How to transcribe video to text with FFmpeg and faster-whisper
If you have a meeting recording, call, webinar, or training video and want to turn it into text, you could play it back, pause every few seconds, and type it manually. It makes more sense to automate it.
Before you read
Why do transcription at all?
Transcription is useful anywhere a recording contains knowledge, decisions, or agreements. In a small business this often means client meetings, training sessions, webinars, consultations, and working recordings.
You can use it for:
- preparing meeting notes
- writing up a client conversation
- developing webinar material
- creating an article draft from a recording
- finding specific fragments of a conversation
- preparing a task list after a meeting
- archiving knowledge in the company
The key point is that transcription does not need to be the end of the process. It can be the start of automation: a recording becomes text, the text becomes a summary, the summary becomes a task list, and the task list becomes a concrete workflow in the company.
What do you need?
For this example we will use three things:
- FFmpeg, a tool for working with audio and video
- Python
- the faster-whisper library, which lets you run a Whisper model locally
We assume you have a file called film.mp4 in your working directory.
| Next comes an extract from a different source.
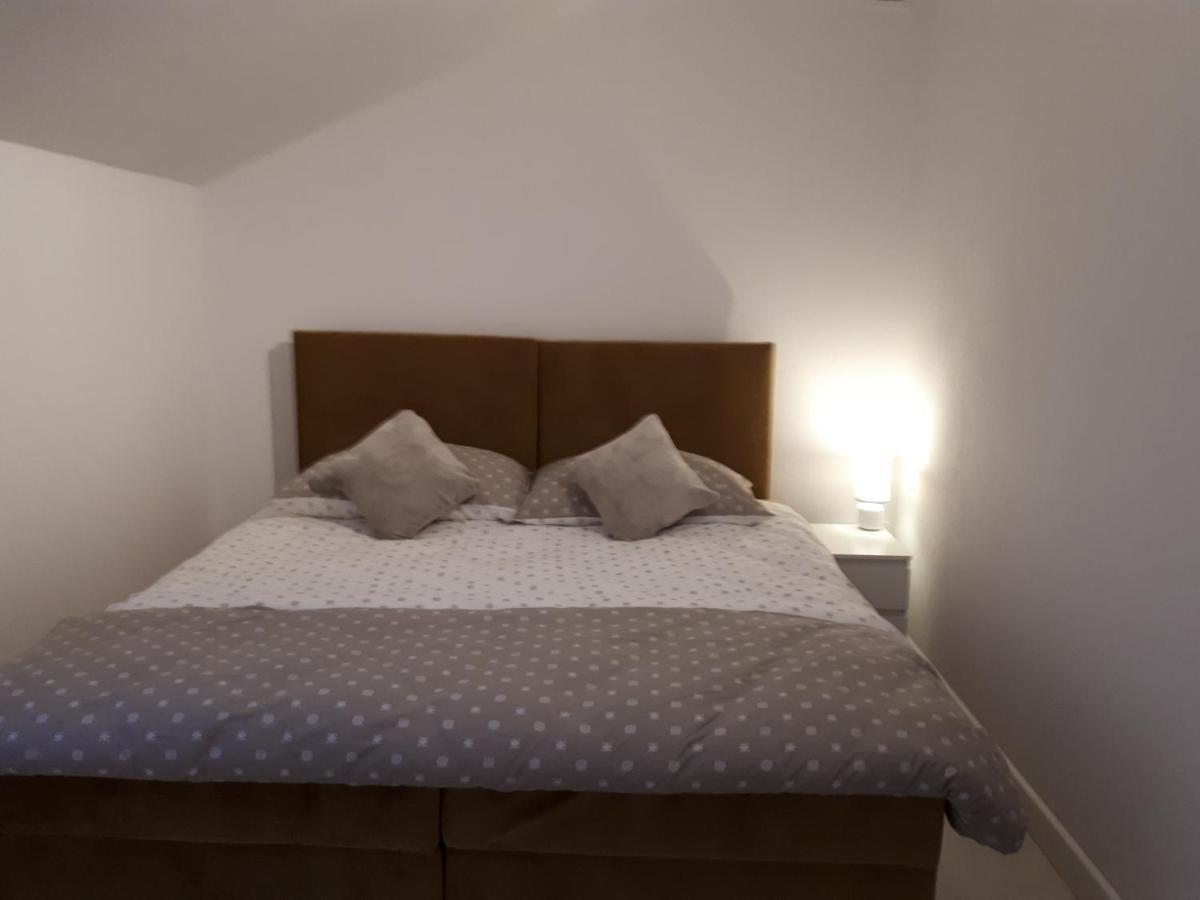 Appartement Lawendowy Zaulek à Debina  Extérieur photo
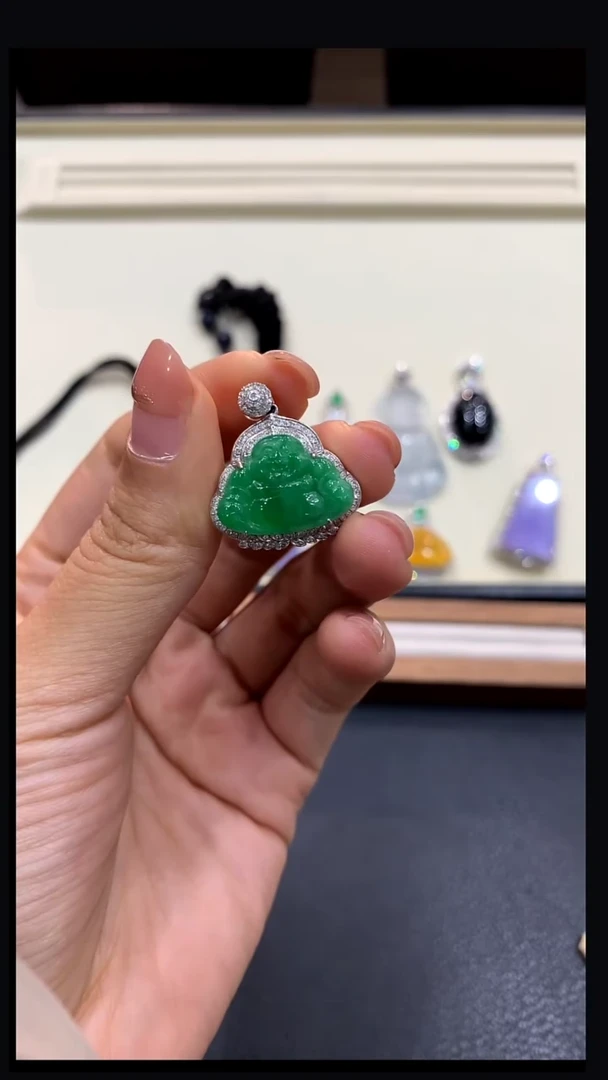 吊坠(不含链)18K金镶嵌翡翠吊坠15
In the same folder we will create a Python environment, an audio file, and the transcription script.
Technical sources
This article is based on Microsoft Learn for winget install, the official FFmpeg documentation and the README of the faster-whisper project.
Step 1. Install the tools
On Windows, FFmpeg can be installed with Windows Package Manager, which is winget. Microsoft documents the winget install command, the --id option, and -e / --exact for exact package matching.
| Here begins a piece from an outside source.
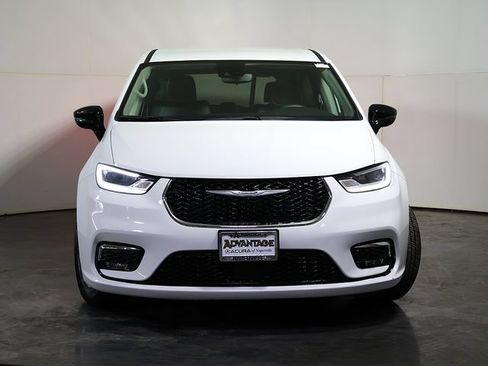 Used 2024 Chrysler Pacifica Touring-L FWD image 9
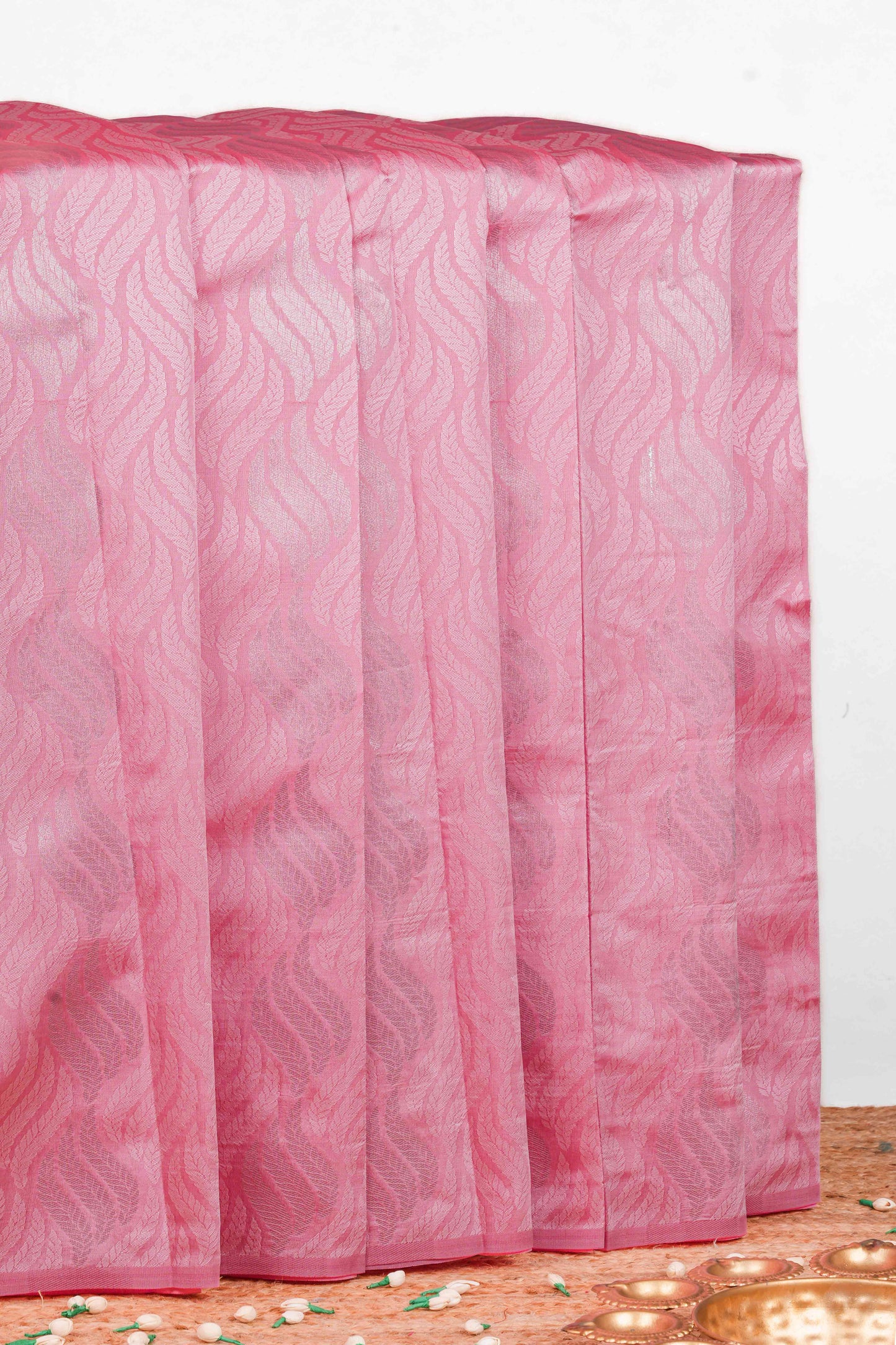 Peach lichi silk leaf motif saree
winget install --id Gyan.FFmpeg -e
python -m venv .venv
.venv\Scripts\activate
pip install faster-whisperWhat is happening here?
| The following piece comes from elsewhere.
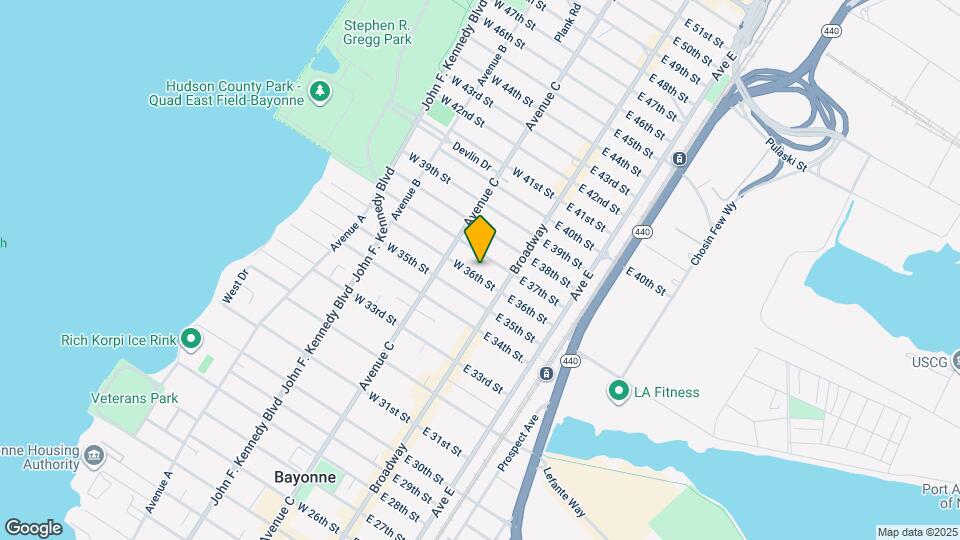 25 W 36th St Map and Location Details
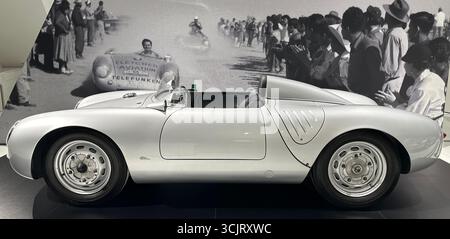Legendärer Porsche 550 Spyder aus den 1950er Jahren mit Carrera Panamericana-Kulisse im Porsche Museum in Stuttgart. Stockfoto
- winget install --id Gyan.FFmpeg -e installs FFmpeg with the exact package identifier
- python -m venv .venv creates a local Python environment
- .venv\Scripts\activate activates the environment in PowerShell
- pip install faster-whisper installs the transcription library
Step 2. Convert the video to audio
We do not need the image for transcription. The model recognizes speech, so first we prepare a simple audio file.
ffmpeg -i "film.mp4" -vn -ac 1 -ar 16000 -c:a pcm_s16le "audio.wav"This command takes film.mp4 and creates audio.wav. FFmpeg interprets input and output options depending on where they appear in the command, so order matters.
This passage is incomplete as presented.